◆ **Task directions**: Only one span is wanted from the lines below: from the one with "This Exercise Bike Is New In The Box" up to and including the one with "Glysolid Body Lotion - Musk [250 ML]". Copy it exactly, without images.

◆ **Data to process**:

⟨

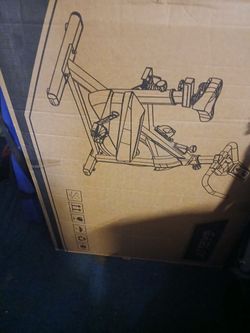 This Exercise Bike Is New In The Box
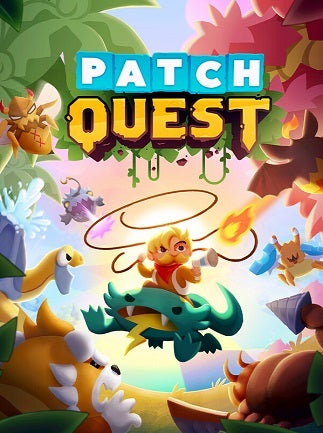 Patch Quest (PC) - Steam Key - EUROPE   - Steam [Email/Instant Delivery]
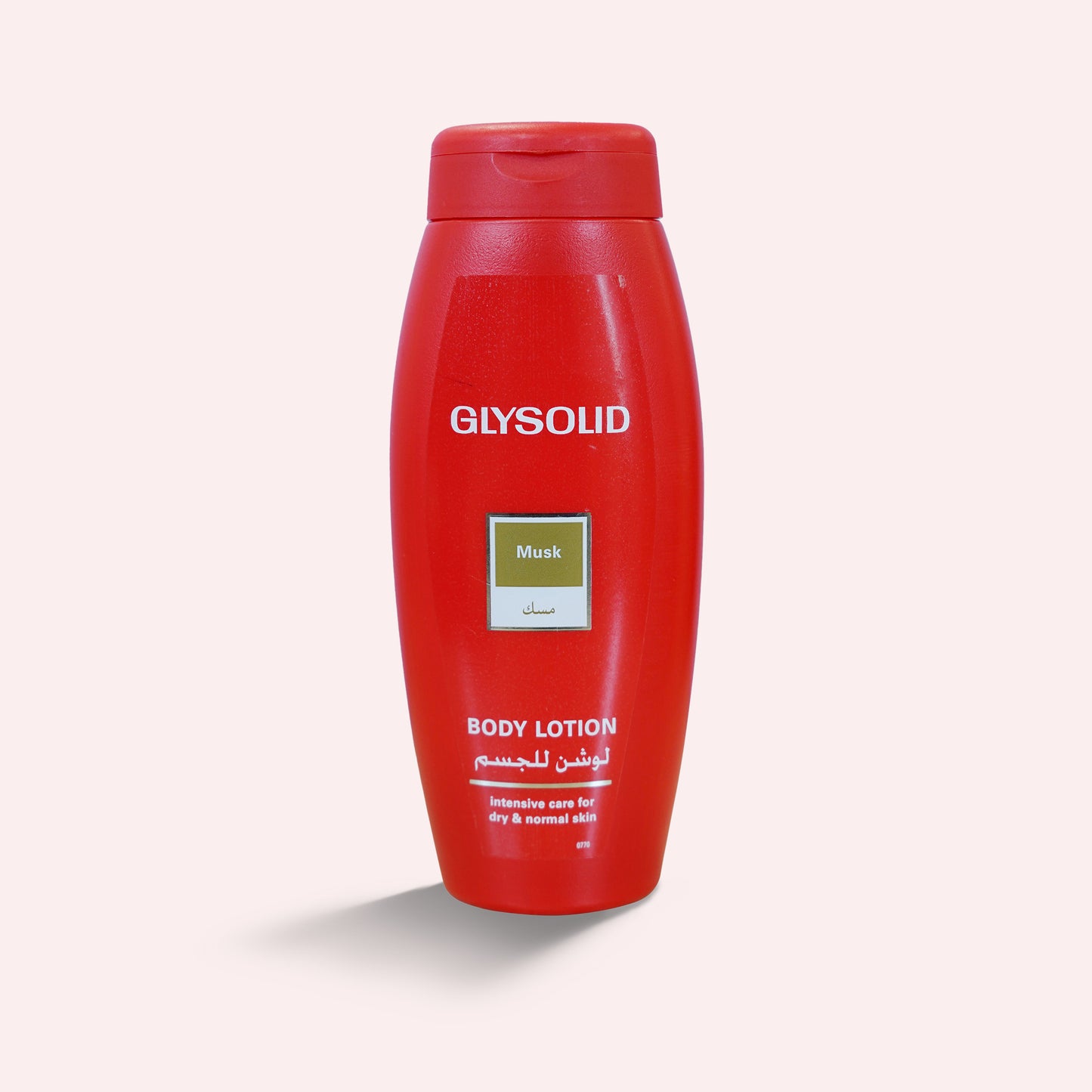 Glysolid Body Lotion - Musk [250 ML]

⟩
⟨

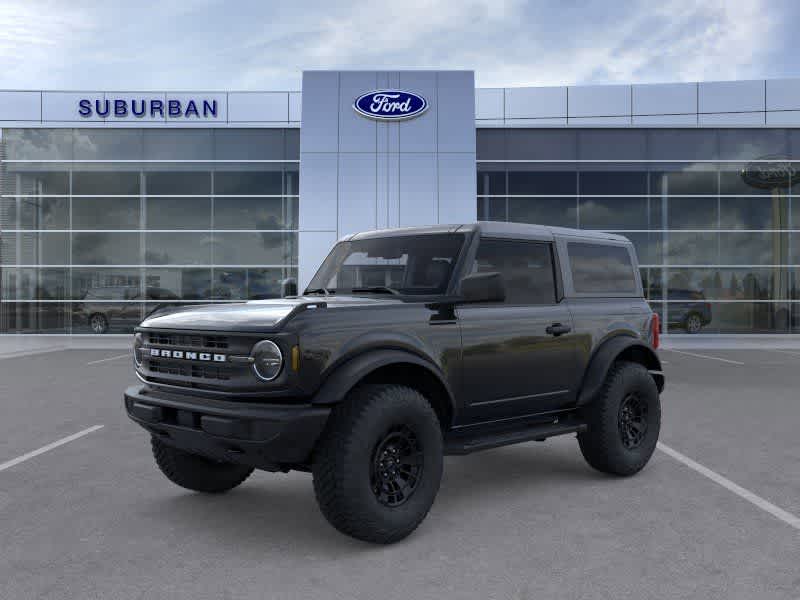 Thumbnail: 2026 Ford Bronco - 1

⟩
⟨

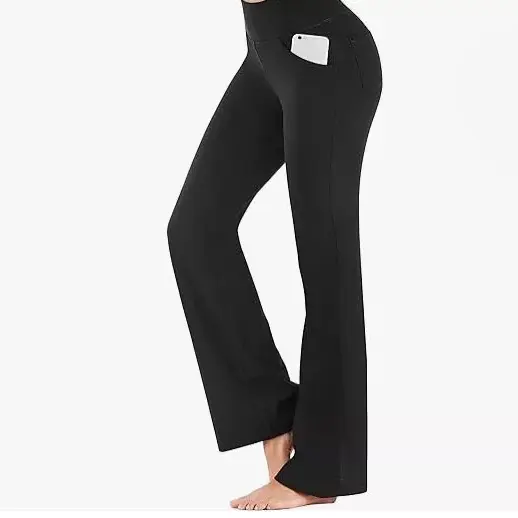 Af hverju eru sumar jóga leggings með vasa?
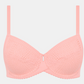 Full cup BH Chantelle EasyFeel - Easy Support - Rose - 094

⟩

◆ **Answer for this exercise**:
 This Exercise Bike Is New In The Box
 Patch Quest (PC) - Steam Key - EUROPE   - Steam [Email/Instant Delivery]
 Glysolid Body Lotion - Musk [250 ML]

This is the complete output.